VB=Visual Basic (Sfotware Dev generally though can be more)
VB.net= OFcouse uses .net technology with VB  *remember .net is a technology  )
ASP =Active server pages (Web Designing)
ASP.net=Ya u can guess dat 
C#=Microsoft's verion of OOPS language C++ 
PHP = WEb Designing
...........
Dude first think of the field you want to get into 
Then decide the pros & cons of language or tech. u'll be working on 
Say JAVA will be platform independent and will be better if ur  project is aimed at multi platforms like WIn , MAc & linux
Then just start workinf  D


----------



## TheHumanBot (Jul 25, 2009)

DOEACC A Level course Includes only VB


----------



## pr.itdude (Jul 25, 2009)

techani said:


> Hello everyone!
> I am currently doing DOEACC A Level. I am about to finish it.





techani said:


> Can anyone tell me what exactly these languages do? I mean all the languages doesnt do the same thing or are not used for the same thing.
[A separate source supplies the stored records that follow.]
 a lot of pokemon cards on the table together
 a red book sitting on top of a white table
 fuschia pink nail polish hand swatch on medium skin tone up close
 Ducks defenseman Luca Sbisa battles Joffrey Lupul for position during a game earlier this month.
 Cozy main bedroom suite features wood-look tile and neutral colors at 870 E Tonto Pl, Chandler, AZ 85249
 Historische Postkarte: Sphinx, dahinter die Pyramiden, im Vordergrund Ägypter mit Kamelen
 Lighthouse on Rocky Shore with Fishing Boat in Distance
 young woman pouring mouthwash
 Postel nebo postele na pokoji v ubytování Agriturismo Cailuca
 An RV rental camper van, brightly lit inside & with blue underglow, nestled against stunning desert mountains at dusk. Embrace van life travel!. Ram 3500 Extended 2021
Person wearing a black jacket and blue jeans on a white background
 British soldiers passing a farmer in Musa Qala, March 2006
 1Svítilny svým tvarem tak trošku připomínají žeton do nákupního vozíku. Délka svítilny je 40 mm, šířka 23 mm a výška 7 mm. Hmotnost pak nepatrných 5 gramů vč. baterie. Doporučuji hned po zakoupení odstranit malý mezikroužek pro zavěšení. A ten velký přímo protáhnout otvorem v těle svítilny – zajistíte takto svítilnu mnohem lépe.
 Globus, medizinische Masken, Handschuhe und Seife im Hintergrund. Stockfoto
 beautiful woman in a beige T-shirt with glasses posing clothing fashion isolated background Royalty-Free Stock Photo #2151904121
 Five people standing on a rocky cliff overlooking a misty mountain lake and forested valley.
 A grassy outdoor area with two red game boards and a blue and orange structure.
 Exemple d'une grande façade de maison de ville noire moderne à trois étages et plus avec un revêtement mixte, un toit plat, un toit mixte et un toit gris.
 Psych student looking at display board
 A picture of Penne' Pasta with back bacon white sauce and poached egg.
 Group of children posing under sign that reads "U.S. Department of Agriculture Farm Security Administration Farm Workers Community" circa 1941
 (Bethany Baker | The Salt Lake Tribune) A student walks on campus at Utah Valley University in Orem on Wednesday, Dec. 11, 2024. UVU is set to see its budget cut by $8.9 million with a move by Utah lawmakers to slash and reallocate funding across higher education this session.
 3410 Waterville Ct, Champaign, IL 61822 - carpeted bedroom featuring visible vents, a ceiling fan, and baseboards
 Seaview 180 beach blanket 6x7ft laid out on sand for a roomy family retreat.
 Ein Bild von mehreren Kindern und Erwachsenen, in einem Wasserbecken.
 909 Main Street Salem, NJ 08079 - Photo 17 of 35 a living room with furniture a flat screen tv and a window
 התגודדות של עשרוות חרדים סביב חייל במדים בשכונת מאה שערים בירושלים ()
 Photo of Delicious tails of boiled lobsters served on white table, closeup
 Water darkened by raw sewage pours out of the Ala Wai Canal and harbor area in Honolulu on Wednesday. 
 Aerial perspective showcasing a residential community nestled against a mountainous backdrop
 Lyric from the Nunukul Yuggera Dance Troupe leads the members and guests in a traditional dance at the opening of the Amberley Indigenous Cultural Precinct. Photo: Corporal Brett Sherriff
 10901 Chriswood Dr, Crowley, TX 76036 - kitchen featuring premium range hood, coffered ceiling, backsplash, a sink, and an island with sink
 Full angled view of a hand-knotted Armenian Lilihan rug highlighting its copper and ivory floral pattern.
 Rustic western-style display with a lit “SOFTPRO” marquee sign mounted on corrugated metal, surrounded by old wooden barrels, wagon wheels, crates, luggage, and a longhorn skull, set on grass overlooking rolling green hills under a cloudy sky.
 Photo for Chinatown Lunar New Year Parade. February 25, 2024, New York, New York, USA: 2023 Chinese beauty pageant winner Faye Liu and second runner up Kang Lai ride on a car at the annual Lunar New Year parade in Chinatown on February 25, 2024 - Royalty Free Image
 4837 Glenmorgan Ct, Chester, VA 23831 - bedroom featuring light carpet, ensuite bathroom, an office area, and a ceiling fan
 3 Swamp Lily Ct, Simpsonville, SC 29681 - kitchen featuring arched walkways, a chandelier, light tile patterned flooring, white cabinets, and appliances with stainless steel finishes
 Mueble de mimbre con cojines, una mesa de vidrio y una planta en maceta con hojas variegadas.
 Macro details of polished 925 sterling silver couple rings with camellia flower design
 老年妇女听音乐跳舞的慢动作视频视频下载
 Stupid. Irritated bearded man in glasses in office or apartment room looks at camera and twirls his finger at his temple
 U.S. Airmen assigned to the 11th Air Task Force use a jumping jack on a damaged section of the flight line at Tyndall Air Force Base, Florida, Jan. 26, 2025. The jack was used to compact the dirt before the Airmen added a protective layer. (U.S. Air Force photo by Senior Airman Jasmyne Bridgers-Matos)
Generally, ppl abt to finish A or B level doesnt got confused b/w choosing these languages.

Since u need to learn a language for a self-made project, i guess choose any *one* of these, IMO go for JAVA or .net
Just give time to anyone, and practice more than only u can develop a gud project.
All the best !!!


----------



## techani (Jul 25, 2009)

Ok I have chosen C#. I tried to go through the msdn library. But its all messed up according to me. I couldnt find a starting point there. There are so many articles under so many categories. Can anyone provide me the proper link to the beginning?


----------



## techani (Jul 27, 2009)

Guys please suggest me some good ebooks and books for C#. I have searched the net for many hours for the books but really cant decide on the good books. its quite urgent and ur help is required.
Plz...


----------



## sharma_atul85 (Nov 7, 2009)

first let me cleat your doubts about the different languages you mentioned above:

There are basically two types of languages for web development means website development (programming part) :

Now C# and VB are two languages used to develop sites in ASP using .NET framework  and windows environment .
And PHP is also a language used to develop sites which does not requires a framework and platform independent.

So the question which one to choose ?

If your'e new and want to develop sites quickly go with php.. easy to use ..
If working on more complex and heavy sites then management is a big issue so go with ASP..

Also developing in ASP is also very easy .. but requires framework.

Rest depends on your taste with which to go with .


But for making smaller scale sites faster many uses CMS like joomla and drupal ..
look out for this and you'll have much clearer idea what I want to deliver..


----------